2015年09月22日 | アクション映画ーサ行
『ペルシャ猫を誰も知らない』の撮影後、国外で亡命生活を送るイラン人の監督バフマン・ゴバディによる衝撃の社会派ドラマ。実在するクルド系イラン人の詩人サデッグ・キャマンガールをモデルに、イスラム革命によって引き裂かれた夫婦の苦難の道のりを描く。『灼熱の肌』などのイタリアを代表する女優モニカ・ベルッチが出演。30年という長い年月を前に立ちすくむ夫婦の悲劇に絶句する。
あらすじ:混乱のさなかにあったイスラム革命中、詩人サヘル(ビーローズ・ヴォソーギ)はいわれなき罪で投獄され、30年後にようやく釈放される。彼の妻ミナ(モニカ・ベルッチ)はサヘルの釈放を切望していたが、夫はすでに刑務所内で死んだという悪意あるうそを信じ込まされていた。ようやく出所した後、サヘルは必死に妻ミナの行方を捜すが……。

<感想>イスラム革命で運命を狂わされた男女の奇数な人生を、映画のためにイランを亡命したバフマン・ゴバディ監督が手掛ける渾身作であります。政治的なテーマが語られる一方で、かなりラヴストーリーの色合いが濃いです。しかも、イタリアの女優のモニカ・ベルッチが、ヒロインで出演とあればなお濃厚であります。

それにしても、モニカ・ベルッチの美しさが際立っていて、熟すとますます美しいのか。若い時代から老けメイクも味があるのだ。映像を見ていて目に焼き付くのが、熟年のモニカの裸体であり、深く神秘的な黒とブルーであり、その内に潜む生の情熱に痺れる。
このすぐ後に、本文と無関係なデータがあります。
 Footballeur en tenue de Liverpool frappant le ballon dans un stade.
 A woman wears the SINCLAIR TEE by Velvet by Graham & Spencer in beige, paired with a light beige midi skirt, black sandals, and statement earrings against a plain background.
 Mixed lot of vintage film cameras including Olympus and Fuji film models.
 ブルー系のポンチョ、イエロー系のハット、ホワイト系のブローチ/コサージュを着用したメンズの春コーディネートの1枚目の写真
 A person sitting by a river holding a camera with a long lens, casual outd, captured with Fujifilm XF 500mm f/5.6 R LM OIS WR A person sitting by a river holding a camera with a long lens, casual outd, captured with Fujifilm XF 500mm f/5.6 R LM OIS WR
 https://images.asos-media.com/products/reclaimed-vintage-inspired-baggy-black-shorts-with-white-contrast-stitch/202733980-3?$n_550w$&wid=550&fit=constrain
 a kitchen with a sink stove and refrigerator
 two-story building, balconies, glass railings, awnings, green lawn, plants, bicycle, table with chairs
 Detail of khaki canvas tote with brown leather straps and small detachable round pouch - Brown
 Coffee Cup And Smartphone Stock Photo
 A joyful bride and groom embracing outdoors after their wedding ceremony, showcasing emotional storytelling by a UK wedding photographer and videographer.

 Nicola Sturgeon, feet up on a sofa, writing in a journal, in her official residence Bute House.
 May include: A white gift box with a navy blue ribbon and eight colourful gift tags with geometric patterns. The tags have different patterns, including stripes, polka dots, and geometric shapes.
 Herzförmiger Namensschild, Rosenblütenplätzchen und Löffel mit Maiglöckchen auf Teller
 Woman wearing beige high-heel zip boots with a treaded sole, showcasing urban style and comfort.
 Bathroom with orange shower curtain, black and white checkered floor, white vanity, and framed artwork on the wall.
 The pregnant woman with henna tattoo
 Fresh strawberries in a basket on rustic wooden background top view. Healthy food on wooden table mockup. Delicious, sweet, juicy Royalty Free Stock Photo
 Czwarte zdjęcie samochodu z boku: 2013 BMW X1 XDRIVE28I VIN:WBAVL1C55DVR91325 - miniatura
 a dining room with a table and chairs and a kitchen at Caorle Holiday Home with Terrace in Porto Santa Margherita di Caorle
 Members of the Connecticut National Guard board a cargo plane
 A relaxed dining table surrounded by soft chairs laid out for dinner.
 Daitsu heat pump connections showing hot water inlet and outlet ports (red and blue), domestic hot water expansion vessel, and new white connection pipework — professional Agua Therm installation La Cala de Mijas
いわれなき罪で投獄された夫のサヘルと共に、妻のミナも獄中にいる。面会を拒否されて、それでも、黒い布を頭から被せられて夫の元へと刑務所らしき中でつかの間の逢瀬でも、裸で抱き合い、直ぐに引き離されて、次に抱き合ったのは夫ではなく運転手の男アクバルであった。強制的に離婚をさせられて、獄中で運転手の子供を妊娠し、双子の女の子を出産して、夫のサヘルが死んだと言われ、無理やり運転手のアクバルと結婚する。どうやら、この運転手のアクバルの策略で、反逆罪としてサヘル夫婦は投獄されたらしいのだ。

30年後に出所したサヘルは、妻を探していく内に、双子の娘を助けるのだ。その娘は、妻と運転手の間に出来た双子の娘であり、売春婦をしているようだ。ミナは、運転手のアクバルの元から離婚をして亡命しようと計画する。
沈黙をはらむ風景は、現実か追憶なのかそれとも幻想か。それが次々と提示されていくのである。冒頭の横たわる巨木のシーン、根をまるで凧の足のように広げている巨木の前で、二人の男の運命的な別れ道が描写され、それがすべての革命による権力者の、位置の逆転の出発点だったと見ているうちに気が付いてくるのだ。

語らない主人公サヘルの顔の大写しと、彼の心の中のような脱色した映像が圧倒的であった。妻の行方を追う途中で、車の中に馬の首が出てきたり、その馬の目は妻のミナの瞳のように見える。獄中では、柱に縛り付けられたサヘルに、そこに降り注ぐ大粒の雨かと思ったら、それはなんと小さな亀。亀が雨のように降ってくるではないか。カメが降ってくる夢を見たりという映像も。このシーンは何を意味するのだろう?
一番気持ちが悪かったのが、男たちが背中へ蒜を這わせて悪い血を吸わせている映像が酷かった。

30年の歳月が肝となる物語を、配役も無理なく、ダイナミックに描いているのだが、これは、沈黙をめぐる作品ともいえる。もっとも苦しみ多き人であろう主人公の詩人サヘルの台詞は極力抑えられているし、映像も色彩を削ってしまい渋いのである。
ラストでは、タトゥーを彫る女がミナで、死んだと思っていたサヘルが自分の背中にタトゥーを彫ってもらう。それはサヘルの詩であり「国境に生きる者だけが新たな祖国を作る」という、未来を指す言葉。

ビルの廃墟での因縁の男の対決だ。年老いても、運転手への恨み怨念がこもっており、2人の男は車で海の中へと沈んでゆく。まるでサイの肌を思わせるような塩湖で、妻のミナと逢うサヘルの姿が映し出される。
これは、イラン国外へとバフマン・ゴバディ監督が、亡命先のトルコで完成されたこのフィルムは、いわばゴバディ監督にとっての「ノスタルジア」でもあります。この映画のすべてが、郷里への想いに衝かれて泣き出しそうに震えているように感じた。触れることのできないものへ向けて、そして詩はつむがれて肌に刻まれていくのである。